What will you be disrupting?

Basically your whole healthcare experience, the purchase experience and journey. When I moved to Dubai I did not know which doctor to go to whereas if you had a Trip Advisor for doctors that would make life very easy. That does not exist today and that’s the disruption model.

Are you going to create a Trip Advisor for doctors?

The end-to-end idea is to, yes, have three categories advising on the best-rated doctors, fitness people and yogis.
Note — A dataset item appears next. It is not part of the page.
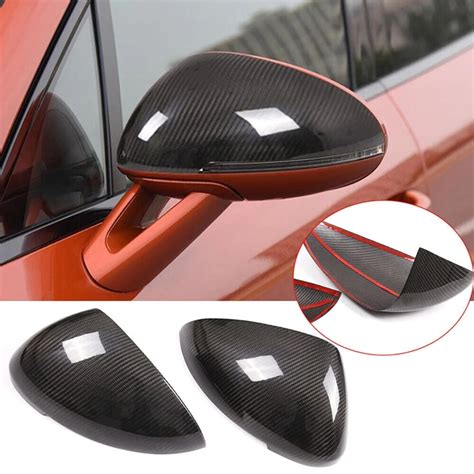 Pcs Rearview Mirror Cover Car Side Rearview Mirror Cover Trim Real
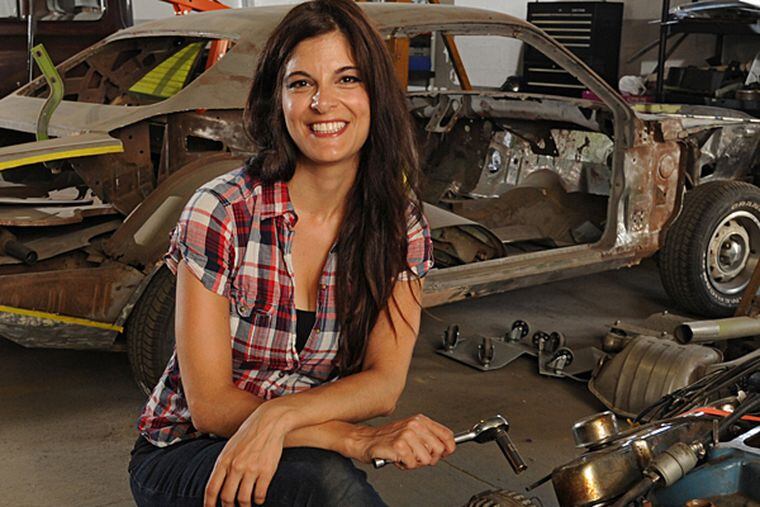 She Fixes Cars While Cameras Hover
How are you building a defensible business?

Exclusive partnerships will key to be that so imagine if we have partnerships with clinics that don’t have their own pharmacies, then that will give us a first move advantage, In e-commerce building something that is defendable is very difficult, the only thing you can do is make sure that the products are always authentic.

What start-up do you wish you had created?

Careem, not just because of what you see as a customer but because I know their culture, their employees and their level of excitement and the way they buy into the company's mission. Then it's how the founders have managed to grow the company, the level of satisfaction that they have and the fact they are making a difference to so many people. If you go to Pakistan, everyone now – even those that could not afford taxis - are booking Careems because their prices are typically half. What’s they’ve done over the last five to six years is quite fascinating.

What new skill have you learnt through setting up your own company?

When you are a consultant you work with many people – partners, managers, the back office - and you think you have nailed it. Now I realise those people were almost all on the same wavelength. Now, as a start-up, the stakeholders can be the people getting your uniforms or bike boxes made, the person processing a licence or investors - and initially you do it all yourself. So you deal with the entire spectrum - there is a lot of learning there.